THE SUIT Testico, 5 February 2014
The suit does not exist. It is still a dream, like the Bangkok suit I planned many years ago. Jean Genet, lice, sex in dark places, tanned skin, greasy hair, old leather sandals, a singlet and a dirty worn suit in faded orange silk. The thought was there. The design was there, and it was all about letting myself go. Destruction. Then the Paris suit. The market at Porte de Clignancourt. Perhaps I saw it there, a long time ago? The look of it has changed over the years. Now it is made in a heavy wool fabric in beige and pink tones, with a silhouette from the 1930s.
The motivation for becoming a tailor was the need to learn a craft. I wanted to make something with my hands. When I was accepted at the tailoring school, I didn’t know much about it. I remember saying the first day in class that I didn’t think it would involve so much stitching by hand. The hand stitching is an essential part of making a suit. Of course. But I didn’t know.
My interest in clothes and fashion was in a strange way separate from the tailoring for a long time. I didn’t experiment much with making other kinds of garments. I remember I thought of sewing a T-shirt as a technical obstacle – where to start? – while making a suit was something I did without hesitation.
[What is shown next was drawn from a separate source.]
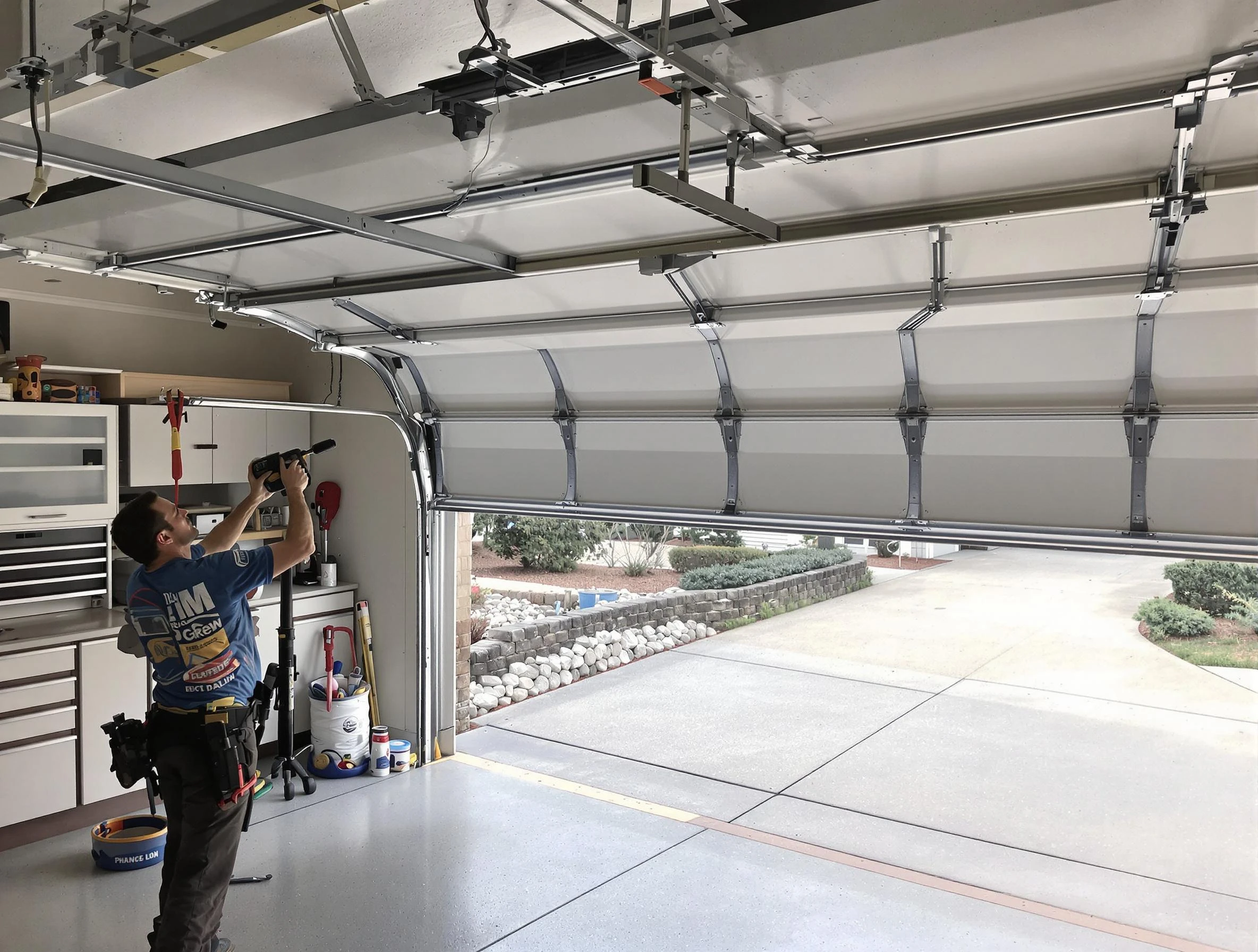 Garage door track repair service by South Jordan Garage Door Repair in South Jordan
The transferral of a woven fabric to a three-dimensional form never really became clear to me, and the teachers didn’t talk much about the body. I ended up becoming quite good at details, pockets and stitching, but the total fit of the garments was a challenge.
Sewing and daydreaming, as time passed in school. I was slow, compared to the standards of the guild. I knew it, but I tried over and over again to get it right, until I stopped sewing 20 years ago.